2. For ministers, again, what is ministerial success? Crowded churches, full aisles, attentive congregations, the approval of the religious world—much impression produced? Elijah thought so: and when he found out his mistake, and discovered that the applause on Mount Carmel subsided in hideous stillness, his heart well-nigh broke with disappointment. Ministerial success lies in altered lives and obedient, humble hearts: unseen work recognized in the Judgment Day.
3. Get below appearances, below glitter and show. Plant your foot upon reality; not in the jubilee of the myriads on Carmel, but in the humble silence of the hearts of the seven thousand, lay the proof that Elijah had not lived in vain.—F. W. Robertson.

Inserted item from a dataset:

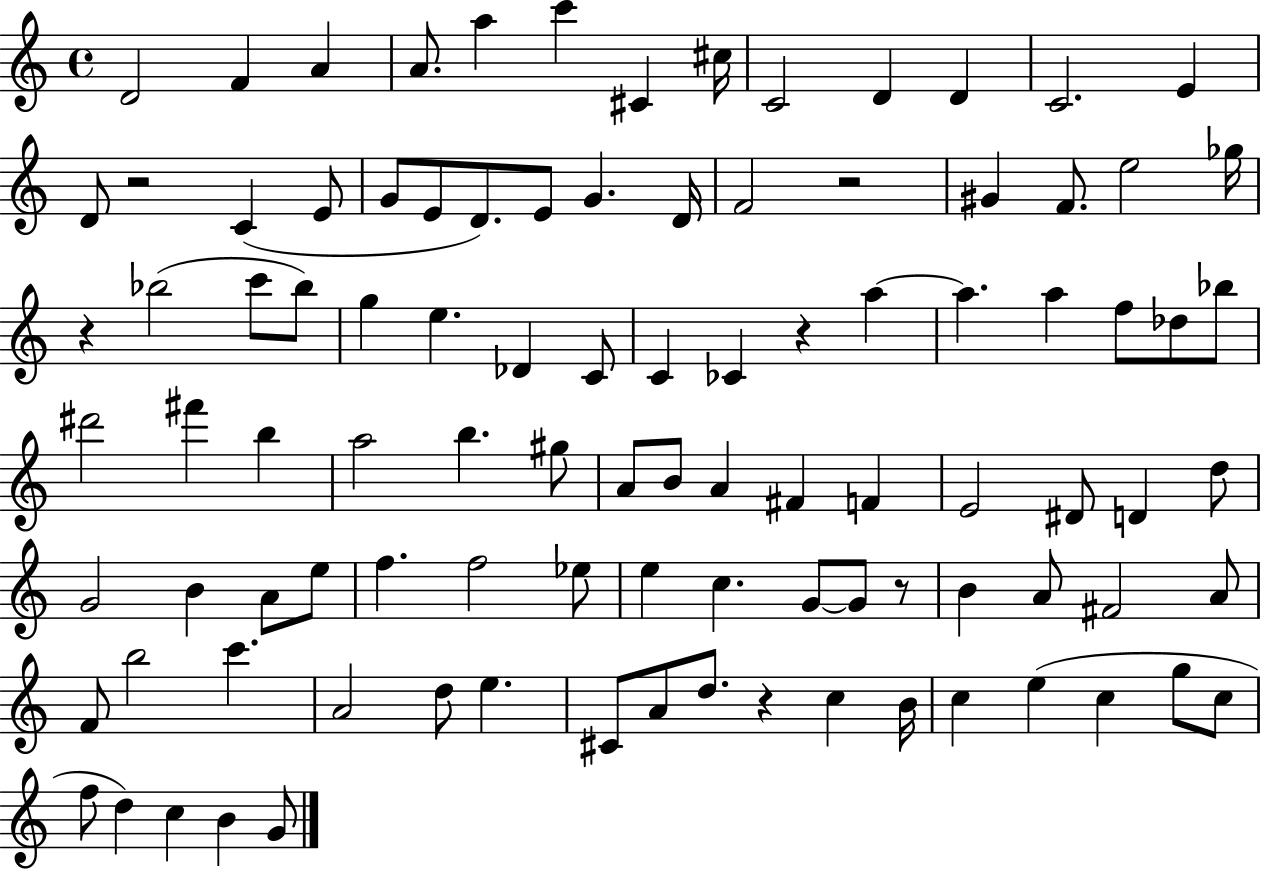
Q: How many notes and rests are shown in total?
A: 99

THE SUBDUING POWER OF THE DIVINE WHISPER
Elijah hastened first to the court to find the queen overwhelmed with defeat and humiliation; but Jezebel, so far from being terrified into conviction by the appalling wonders of Carmel, was preparing to take his life. This was so heavy and sudden a blow to Elijah’s faith in the converting power of judgments, that courage and dignity forsook him for a time, and he fled like a frighted deer because a woman had threatened him! An angel of God found him in the wilderness of Beersheba, lying under a juniper tree, bitterly complaining of his lot, and praying the Lord to take his life. It was now that Jehovah explained to His servant, by the impressive signs described in these verses, that power might avenge and destroy, but could not win; that the silent intellectual process of instruction and spiritual influence can alone reach the heart, and change the man. The theatre of these signs was Horeb, celebrated of old for displays of the Divine terrors. Here Moses saw the flaming majesty of the I AM in the bush. Here was Sinai, the mount that might be touched, that burned with fire, and trembled when the trump of God gave forth the voice of words. Recalling these events, and impressed by these associations, Elijah, after a journey of forty days, drew near to this Horeb, the mount of God; and, entering a cave or grot hollowed out in one of its sides, he lodged there. There God found him. “What dost thou here, Elijah?” The prophet answered, in a distempered mood, that he had been jealous for the Lord of Hosts: that in spite of all he had done to reclaim Israel, the Divine covenants were yet broken, the altars profaned, the prophets slain, and himself, the sole remaining witness for the truth, they were seeking to destroy. Then the Lord commanded the melancholy and despairing seer to ascend to the top of the mount; and while he stood there, surrounded by bleak and barren hills, fit images of power and desolation, the Lord passed by in a succession of grand and suggestive phenomena. There were four signs; of which three were material, and the fourth intellectual.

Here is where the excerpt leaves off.